Each time I purchase something, I watch the laws come undone a bit more. Cashiers hand patrons coins on top of our bills time after time. The coins-on-top method is awkward and wrong: the coins slide off the bills, onto the counter, pennies (which we didn’t want back in the first place, frankly) roll onto the floor, nickels one way, dimes the other, and we are left standing with a somewhat wrinkled set of bills in hand. Do we pick up the coins? Were they of value? Why couldn’t we have had them in our hand in the first place?

We’ve all seen this happen to the most dignified of folks, and it’s not only painful to watch, but unnecessary.

The royal order

Certain countries use dishes to distribute change in retail shops.

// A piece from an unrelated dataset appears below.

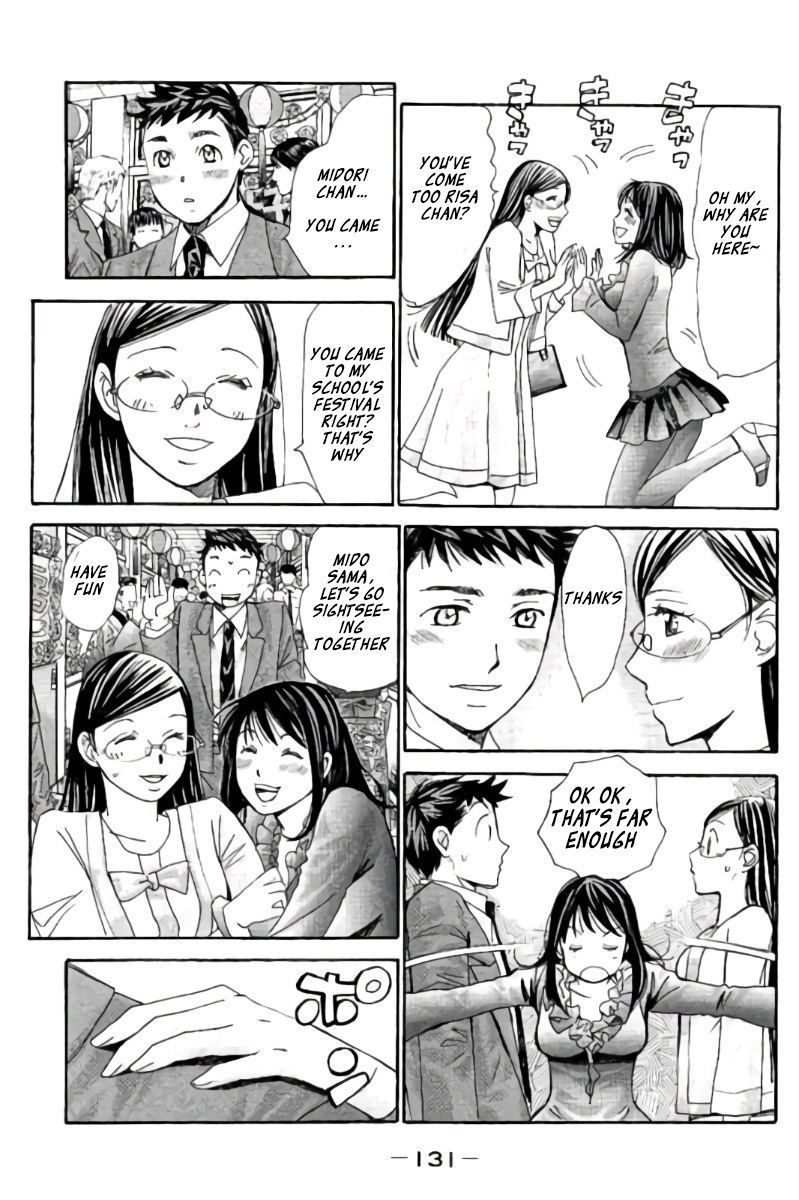 Hachi Ichi Chapter 97 #16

Their counterparts in other areas, MUJI for example in the United States, follow this dignified tradition.

Giving change the right way, like any service design process, takes an understanding of the human, and here it’s no different — cashiers are clearly missing what happens when customers receive change. Men throw change in pockets or a tip jar. The end. Bills and receipts get categorized differently depending on their various organizational strategies and attention to detail.

Women tend to carry wallets with change compartments with varying complexities and organizational strategies — zippers, snaps, velcro. Wallet must be retrieved in a larger bag, which itself is a multi-step process. Once retrieved, a woman may deposit the coin(s) in the wallet.

Cases of use

Knowing this coin-deposit process (and any cashier who has encountered at least one man and one woman before has seen these use cases), cashiers should never distribute change bills-first. But they do. This is a design problem.

The cashier, it appears, gives no thought to how the customer puts the money away. If he did, he would simply hand us:

  1. Coins first
  2. Bills second
  3. Receipt third

The coin-first order is a more human-centered way that makes it easy to, well, get on with our day, leaving the store with what we came for: some sort of product, a bit of money left over, and a shred of dignity. Otherwise, we’re just playing a game of point-of-purchase rochambeau each time.